The thought of having another opportunity to tell the people you love what you really feel is timeless as well as irresistible in film. Starting from “It’s a Wonderful Life” through “Heaven Can Wait” (and Chris Rock’s redo “Down to Earth”) to “Ghost” and TV’s “The Good Place,” it has been a pretty reliable territory that movies have been treading on.
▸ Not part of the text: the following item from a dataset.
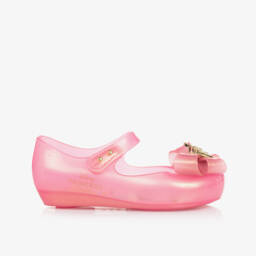 Mini Melissa-Girls Dreamy Pink Princess Flats | Childrensalon Outlet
However, even though it fails to emotionally resonate, “Afterlife of the Party” still stands its ground. Those truths are superficial and rushed during the time Cassie shares them with those people she loves most especially one with her mother against whom she bears the deepest grudge. It is filled with awkward smiles and jumpy pacing like everyone wants nothing more than finishing up quickly before going home. Similarly, her divorced parents’ eventual reconciliation appears perfunctory and lacks the punch it seeks.

Meanwhile, Koop a role played by a bland pop star called Justice (singer-songwriter Spencer Sutherland) is particularly forced which highlights the glossy nature of this whole endeavor. However striking screen presence that Justice may have had, there was only so much she could do with less heavenly material.

Watch Afterlife of the Party For Free On Gomovies.